Ex-Senate President Enrile wants to end constitutional ban on nuclear weapons in the Philippines

Chief presidential legal council and former Senate President Juan Ponce Enrile said that the country must do away with its constitutional ban on nuclear weapons, calling it “the most serious and unwanted provision in the Constitution.”

Enrile made his thoughts known after Senator Robin Padilla invited him to the hearing of the Senate Committee on Constitutional Amendments and Revision of Codes on proposals to change the economic provisions of the 1987 Constitution.

Article II Section 8 of the Constitution states that “the Philippines, consistent with the national interest, adopts and pursues a policy of freedom from nuclear weapons in its territory.”

Enrile argued that the removal of the provision was necessary for the country to defend itself “as a small country against superpowers.”

“In the modern world today a small country can protect itself against the superpowers if they have nuclear weapons… If we can afford it we should also have nuclear weapons so our people will not be trampled upon let alone made a tuta (puppy) or alipin (slave) of other countries.  We must be sure that we make our people equal, if not better than others,” Enrile said.

Enrile blamed “the Cory government,” the administration led by former President Cory Aquino following the 1986 People Power Revolution that ousted Ferdinand Marcos Sr from Malacañang Palace, which he had defected to during the period.

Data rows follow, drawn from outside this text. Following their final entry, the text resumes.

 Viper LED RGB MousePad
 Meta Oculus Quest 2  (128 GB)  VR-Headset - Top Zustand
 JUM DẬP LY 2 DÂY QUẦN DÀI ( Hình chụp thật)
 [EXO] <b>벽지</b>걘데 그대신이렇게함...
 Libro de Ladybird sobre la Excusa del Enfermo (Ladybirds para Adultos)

“We must now remove the restriction imposed by the Cory administration on this country and her people not to have any nuclear in the country. I think in my personal opinion that is the most serious and unwanted provision in the Constitution,” he said.

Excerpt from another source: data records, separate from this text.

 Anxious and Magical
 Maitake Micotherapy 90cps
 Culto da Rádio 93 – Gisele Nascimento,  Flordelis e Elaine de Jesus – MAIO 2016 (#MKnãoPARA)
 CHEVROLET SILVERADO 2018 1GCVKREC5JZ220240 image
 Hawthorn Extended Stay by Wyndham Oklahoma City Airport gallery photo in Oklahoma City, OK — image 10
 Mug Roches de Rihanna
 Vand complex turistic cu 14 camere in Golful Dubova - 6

However, the Philippine had already adopted a stance against nuclear weapons even before the 1987 Constitution. Enrile was justice secretary in 1968, during the first term of Ferdinand Marcos Sr’s administration, when the the Philippines signed the Treaty on the Non-Proliferation of Nuclear Weapons, which sought to prevent the spread of nuclear weapons and weapons technology.

In 2017, the Philippines also signed the Treaty on the Prohibition of Nuclear Weapons, banning the development, testing, production, acquisition, possession and stockpiling of nuclear weapons. The Senate concurred on the treaty’s ratification in 2021.